# PROBLEM REQUIREMENTS:
Each line in the data holding "Street" should be listed.

DATA PROVIDED START

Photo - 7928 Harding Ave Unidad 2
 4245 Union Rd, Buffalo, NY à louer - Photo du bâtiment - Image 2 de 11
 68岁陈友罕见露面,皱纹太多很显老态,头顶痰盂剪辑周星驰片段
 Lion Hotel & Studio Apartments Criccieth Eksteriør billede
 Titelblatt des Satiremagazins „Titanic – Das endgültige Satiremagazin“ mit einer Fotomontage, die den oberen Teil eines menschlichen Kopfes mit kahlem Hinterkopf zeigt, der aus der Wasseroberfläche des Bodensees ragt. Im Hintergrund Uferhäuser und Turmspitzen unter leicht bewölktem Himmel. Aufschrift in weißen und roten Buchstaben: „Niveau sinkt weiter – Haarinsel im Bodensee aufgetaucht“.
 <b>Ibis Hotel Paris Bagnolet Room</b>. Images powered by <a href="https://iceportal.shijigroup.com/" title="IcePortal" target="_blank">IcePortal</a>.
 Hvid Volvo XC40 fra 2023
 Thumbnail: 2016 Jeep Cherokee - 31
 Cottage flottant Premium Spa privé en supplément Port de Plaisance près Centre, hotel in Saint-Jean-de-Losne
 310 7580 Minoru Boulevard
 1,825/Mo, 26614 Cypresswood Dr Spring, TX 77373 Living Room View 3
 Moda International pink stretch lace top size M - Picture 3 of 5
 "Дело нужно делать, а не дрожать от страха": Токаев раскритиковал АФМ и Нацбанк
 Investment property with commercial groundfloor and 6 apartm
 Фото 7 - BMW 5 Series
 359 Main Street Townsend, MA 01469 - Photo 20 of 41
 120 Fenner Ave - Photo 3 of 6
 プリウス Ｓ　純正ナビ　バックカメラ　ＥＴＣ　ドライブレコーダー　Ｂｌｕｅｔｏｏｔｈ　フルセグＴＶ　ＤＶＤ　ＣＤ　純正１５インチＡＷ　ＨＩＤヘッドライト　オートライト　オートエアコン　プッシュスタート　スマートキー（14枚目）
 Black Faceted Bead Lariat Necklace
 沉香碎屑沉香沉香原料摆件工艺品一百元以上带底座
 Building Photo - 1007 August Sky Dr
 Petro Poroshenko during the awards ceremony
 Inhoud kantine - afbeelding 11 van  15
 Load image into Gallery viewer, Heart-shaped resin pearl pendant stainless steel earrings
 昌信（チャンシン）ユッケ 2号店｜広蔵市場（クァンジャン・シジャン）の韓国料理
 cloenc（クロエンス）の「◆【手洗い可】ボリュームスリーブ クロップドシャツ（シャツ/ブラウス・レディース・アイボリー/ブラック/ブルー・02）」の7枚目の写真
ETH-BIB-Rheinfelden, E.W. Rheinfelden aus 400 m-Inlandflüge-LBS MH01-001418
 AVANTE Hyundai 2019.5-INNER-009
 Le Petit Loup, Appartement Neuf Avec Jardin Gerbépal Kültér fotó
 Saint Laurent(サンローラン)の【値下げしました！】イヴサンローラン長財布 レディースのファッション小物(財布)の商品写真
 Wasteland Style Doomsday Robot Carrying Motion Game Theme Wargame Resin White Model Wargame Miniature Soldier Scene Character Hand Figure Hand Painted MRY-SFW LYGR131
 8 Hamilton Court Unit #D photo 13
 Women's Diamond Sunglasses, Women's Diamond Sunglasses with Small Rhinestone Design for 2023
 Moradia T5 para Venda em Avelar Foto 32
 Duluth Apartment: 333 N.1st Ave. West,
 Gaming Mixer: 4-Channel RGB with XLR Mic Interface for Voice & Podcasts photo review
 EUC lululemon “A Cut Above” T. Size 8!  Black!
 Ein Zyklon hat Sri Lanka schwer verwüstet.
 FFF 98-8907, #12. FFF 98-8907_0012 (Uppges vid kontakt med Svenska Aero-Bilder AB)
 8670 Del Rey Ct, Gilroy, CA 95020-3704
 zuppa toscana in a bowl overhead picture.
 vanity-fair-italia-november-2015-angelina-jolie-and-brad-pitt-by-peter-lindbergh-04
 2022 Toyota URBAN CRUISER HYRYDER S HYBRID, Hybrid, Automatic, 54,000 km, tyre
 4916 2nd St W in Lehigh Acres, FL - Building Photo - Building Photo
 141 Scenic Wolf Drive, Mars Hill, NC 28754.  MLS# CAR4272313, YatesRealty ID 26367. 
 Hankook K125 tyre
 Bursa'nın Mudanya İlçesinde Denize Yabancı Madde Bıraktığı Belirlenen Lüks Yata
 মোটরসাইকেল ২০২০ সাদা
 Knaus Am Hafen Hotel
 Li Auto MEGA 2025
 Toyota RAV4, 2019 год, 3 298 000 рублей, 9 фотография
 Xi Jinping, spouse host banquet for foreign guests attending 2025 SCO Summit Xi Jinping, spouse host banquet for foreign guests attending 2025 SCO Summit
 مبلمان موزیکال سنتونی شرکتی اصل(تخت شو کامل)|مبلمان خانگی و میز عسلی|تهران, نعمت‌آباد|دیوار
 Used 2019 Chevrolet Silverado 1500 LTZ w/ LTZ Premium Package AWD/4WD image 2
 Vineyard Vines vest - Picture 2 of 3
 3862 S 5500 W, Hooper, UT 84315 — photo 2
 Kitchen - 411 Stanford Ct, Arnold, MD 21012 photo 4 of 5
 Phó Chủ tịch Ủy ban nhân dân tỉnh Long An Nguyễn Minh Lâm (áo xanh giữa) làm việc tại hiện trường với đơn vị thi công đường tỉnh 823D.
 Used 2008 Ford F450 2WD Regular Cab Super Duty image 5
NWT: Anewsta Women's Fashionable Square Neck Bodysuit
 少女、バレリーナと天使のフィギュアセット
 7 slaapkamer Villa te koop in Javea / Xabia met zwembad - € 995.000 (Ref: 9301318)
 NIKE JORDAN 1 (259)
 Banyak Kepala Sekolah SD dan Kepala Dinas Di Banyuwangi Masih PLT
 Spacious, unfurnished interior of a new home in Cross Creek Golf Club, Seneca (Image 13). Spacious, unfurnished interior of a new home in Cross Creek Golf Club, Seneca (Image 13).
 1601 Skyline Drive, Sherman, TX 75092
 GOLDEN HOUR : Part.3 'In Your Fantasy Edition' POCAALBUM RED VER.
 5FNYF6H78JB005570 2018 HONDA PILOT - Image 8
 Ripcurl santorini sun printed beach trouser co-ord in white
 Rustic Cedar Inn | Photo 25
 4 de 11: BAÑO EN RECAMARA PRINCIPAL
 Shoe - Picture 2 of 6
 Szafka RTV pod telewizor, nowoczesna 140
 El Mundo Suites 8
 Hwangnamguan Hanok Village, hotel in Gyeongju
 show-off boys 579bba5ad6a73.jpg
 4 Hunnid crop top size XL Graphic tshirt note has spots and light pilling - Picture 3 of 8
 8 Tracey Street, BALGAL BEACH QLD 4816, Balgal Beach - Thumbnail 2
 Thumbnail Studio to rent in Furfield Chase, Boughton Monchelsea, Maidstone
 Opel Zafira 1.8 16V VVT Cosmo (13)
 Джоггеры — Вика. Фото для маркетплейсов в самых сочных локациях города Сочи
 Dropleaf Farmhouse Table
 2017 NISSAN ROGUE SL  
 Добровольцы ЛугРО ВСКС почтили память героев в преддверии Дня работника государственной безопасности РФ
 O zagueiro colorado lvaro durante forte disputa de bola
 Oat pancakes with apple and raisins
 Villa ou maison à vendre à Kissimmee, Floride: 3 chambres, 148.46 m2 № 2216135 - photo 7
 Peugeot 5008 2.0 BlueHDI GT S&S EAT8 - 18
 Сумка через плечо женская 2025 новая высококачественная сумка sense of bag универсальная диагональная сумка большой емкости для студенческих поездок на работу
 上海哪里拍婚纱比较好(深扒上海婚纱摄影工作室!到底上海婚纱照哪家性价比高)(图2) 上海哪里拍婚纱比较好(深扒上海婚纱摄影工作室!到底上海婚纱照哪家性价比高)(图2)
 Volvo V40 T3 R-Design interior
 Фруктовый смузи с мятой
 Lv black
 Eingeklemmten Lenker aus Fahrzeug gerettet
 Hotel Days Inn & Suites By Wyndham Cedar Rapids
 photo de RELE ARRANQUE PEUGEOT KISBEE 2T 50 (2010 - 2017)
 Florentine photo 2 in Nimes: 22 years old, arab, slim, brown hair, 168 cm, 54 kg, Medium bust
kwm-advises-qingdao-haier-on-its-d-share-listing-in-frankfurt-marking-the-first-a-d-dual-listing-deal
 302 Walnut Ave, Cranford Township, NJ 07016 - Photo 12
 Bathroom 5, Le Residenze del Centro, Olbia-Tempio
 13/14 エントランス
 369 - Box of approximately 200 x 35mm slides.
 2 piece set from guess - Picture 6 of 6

DATA PROVIDED END

# SOLVED PROBLEM:
 359 Main Street Townsend, MA 01469 - Photo 20 of 41
 8 Tracey Street, BALGAL BEACH QLD 4816, Balgal Beach - Thumbnail 2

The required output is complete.